Description of the task: Could you repeat the data word for word while skipping the pictures?

Data shown:

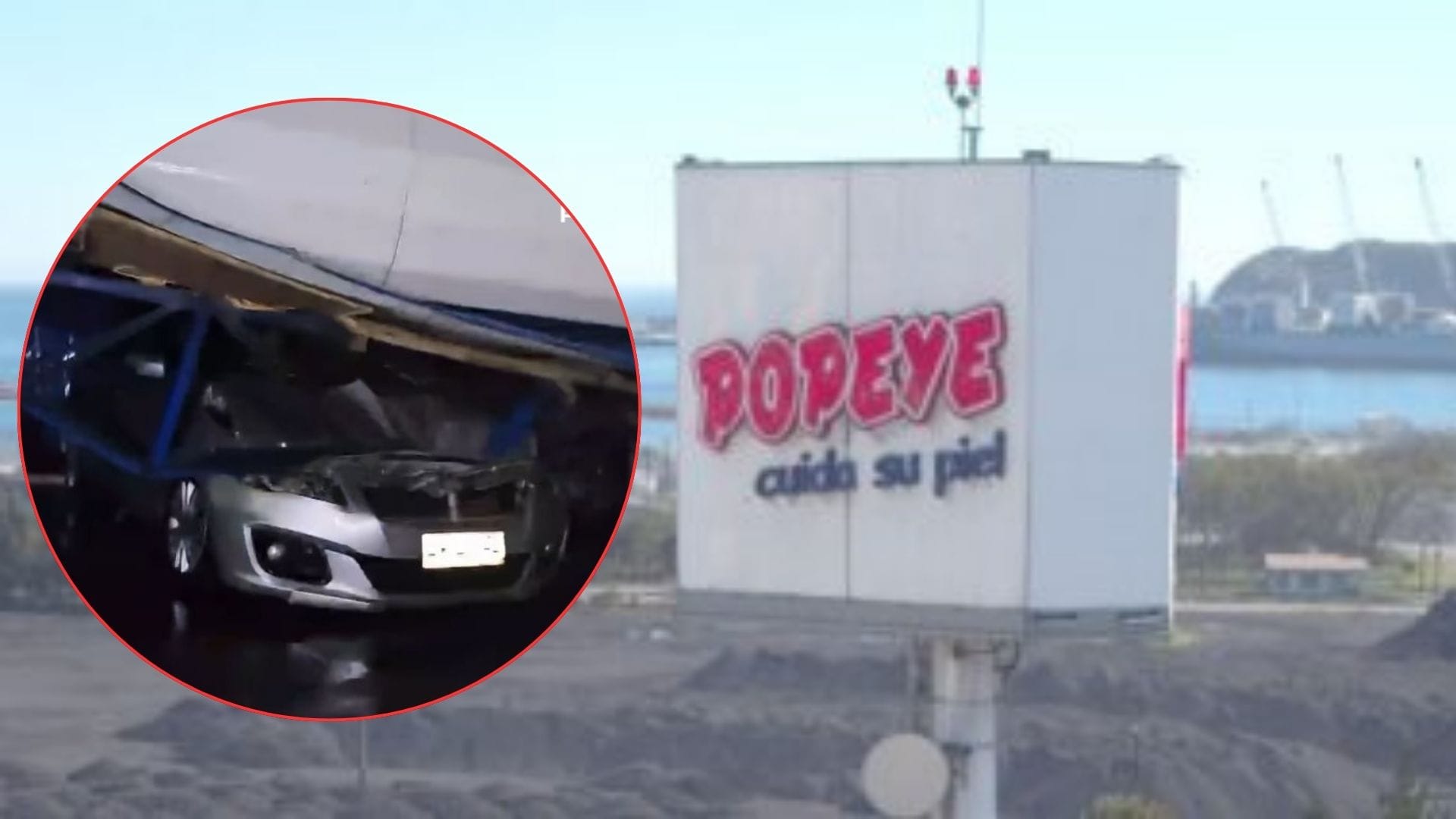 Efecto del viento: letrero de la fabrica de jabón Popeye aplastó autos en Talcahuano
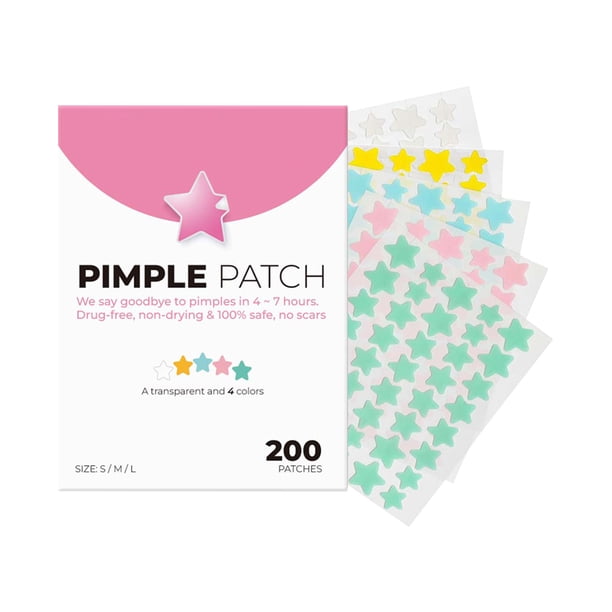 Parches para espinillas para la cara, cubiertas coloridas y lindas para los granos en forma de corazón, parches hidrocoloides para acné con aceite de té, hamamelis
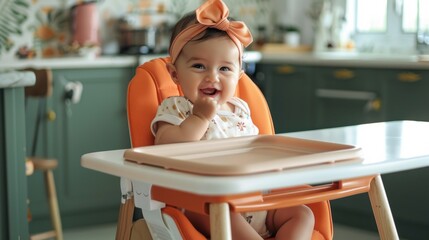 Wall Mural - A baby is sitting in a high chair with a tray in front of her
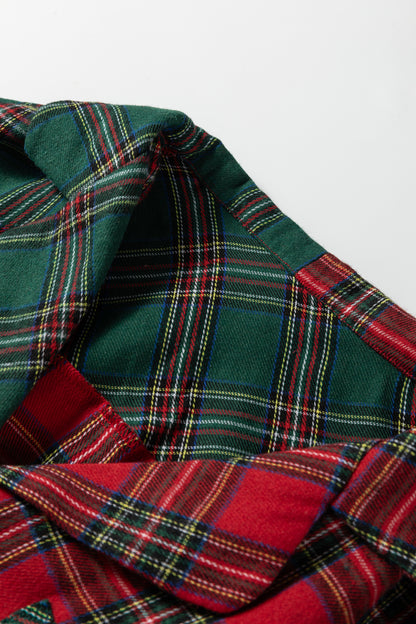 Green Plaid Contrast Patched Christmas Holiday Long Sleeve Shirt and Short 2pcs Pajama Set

The completed task:
 Efecto del viento: letrero de la fabrica de jabón Popeye aplastó autos en Talcahuano
 Parches para espinillas para la cara, cubiertas coloridas y lindas para los granos en forma de corazón, parches hidrocoloides para acné con aceite de té, hamamelis
 Wall Mural - A baby is sitting in a high chair with a tray in front of her
 Green Plaid Contrast Patched Christmas Holiday Long Sleeve Shirt and Short 2pcs Pajama Set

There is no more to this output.